ハルが礼をいって再び原稿に向かおうとしたとき、背後でまた玉蘭の声がした。

「――そういえば、内地からハルあての手紙が編集部に届いていたよ」

 書斎の入口にいた玉蘭は、かすかに不安げな表情を浮かべて、ハルに一通の封筒を手わたした。

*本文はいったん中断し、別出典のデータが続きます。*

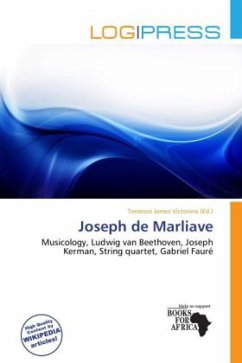 Cover Joseph de Marliave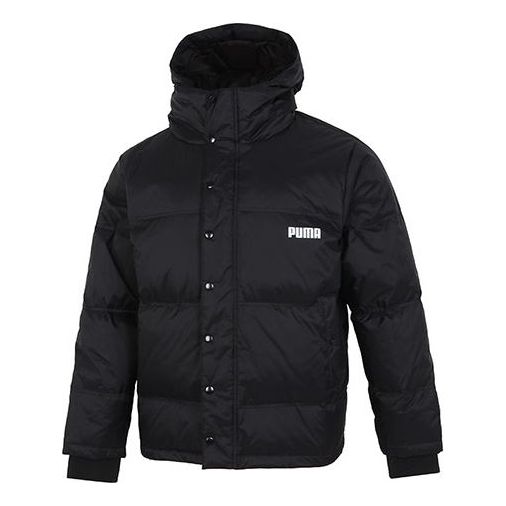 Prešívaná bunda Puma Logo Puffer Jacket Čierna | 534934-01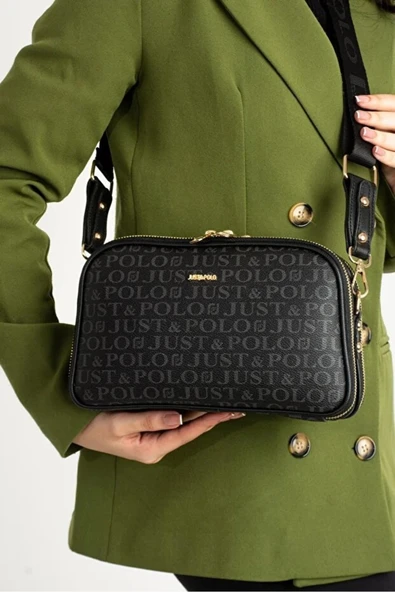 Just Polo JP POLO Kadın Orijinal Ayarlanabilir Askılı Şık Omuz Çantası Shopper EBAT: 16 X 26 CM ürün görseli 1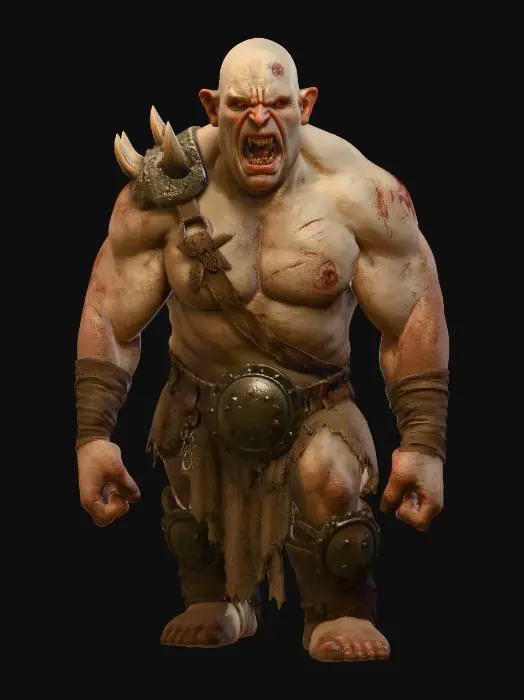 3D model for Ironfang Warlord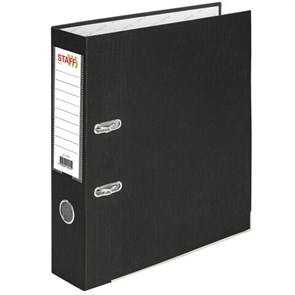 {{photo.Alt || photo.Description || 'Папка-регистратор STAFF &quot;Profit&quot; покрытием из ПВХ, 75 мм, с уголком, черная, СЪЕМНЫЙ МЕХАНИЗМ, 272012'}}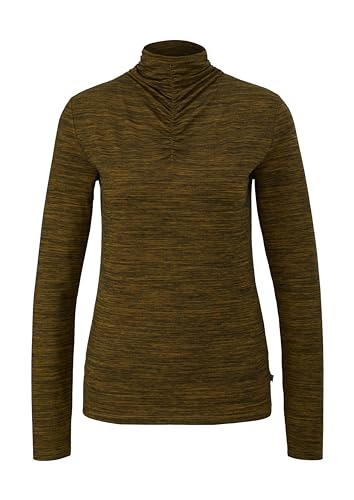 Q/S by s.Oliver Damen Langarmshirt mit Stehkragen Green, XXL von Q/S by s.Oliver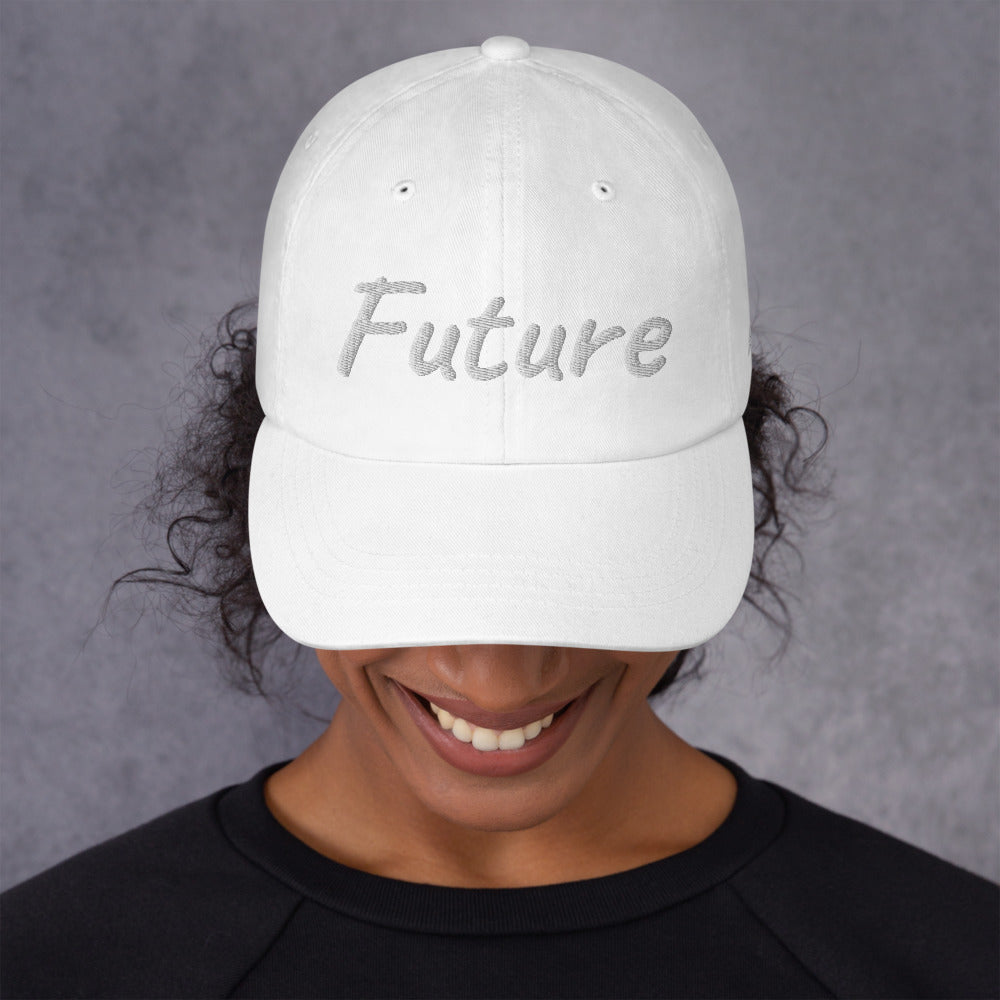 Future In Pearl Embroidery on Classic Dad Hat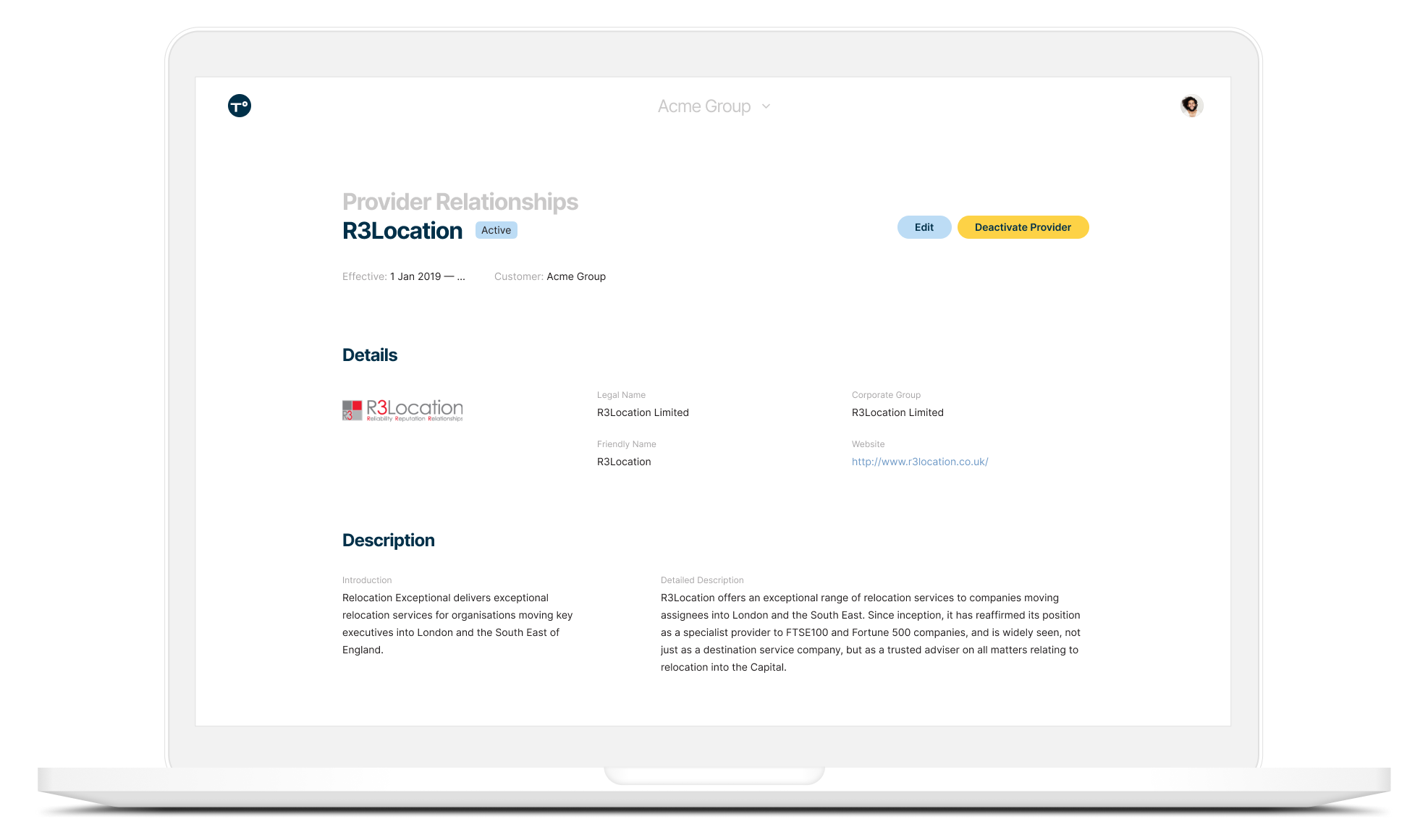 Vendor Config Page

玉蘭は内地からの知らせを伝えるとき、いつも不安げな、しかし抑えがたい好奇に満ちた視線でハルを見る。

――この子は、知らせがあたしを内地に連れ戻すんじゃないかと心配しているのかしら?かわいい子。

 封筒を裏返すと、永岡小鈴(ながおか・こすず)という差出人の名前が書かれていて、ハルは急に胸がざわざわと騒ぐのを感じた。

「妹よ。高女を卒業してすぐに嫁いだから永岡姓なの」

 玉蘭は、はっきりとわかるくらいほっとした顔をして、いつもよりもぎこちなく、そうか、では邪魔をしては悪いからわたしは下にいくね、とそそくさと書斎からでていった。

 封筒を開けて、きれいに折りたたまれた紙片を取りだすと、ハルの手から逃れるように便箋が一枚はらりとライティングデスクの上に落ちた。

 ――お姉さまは元気でいらっしゃいますか。毎日が南国の暮らしなんてほんとうにうらやましいわ。

 妹の美しい文字を目で追いながら、ハルは漠然と、小鈴は幸福ではないのだろうな、と思い、胸が苦しくなった。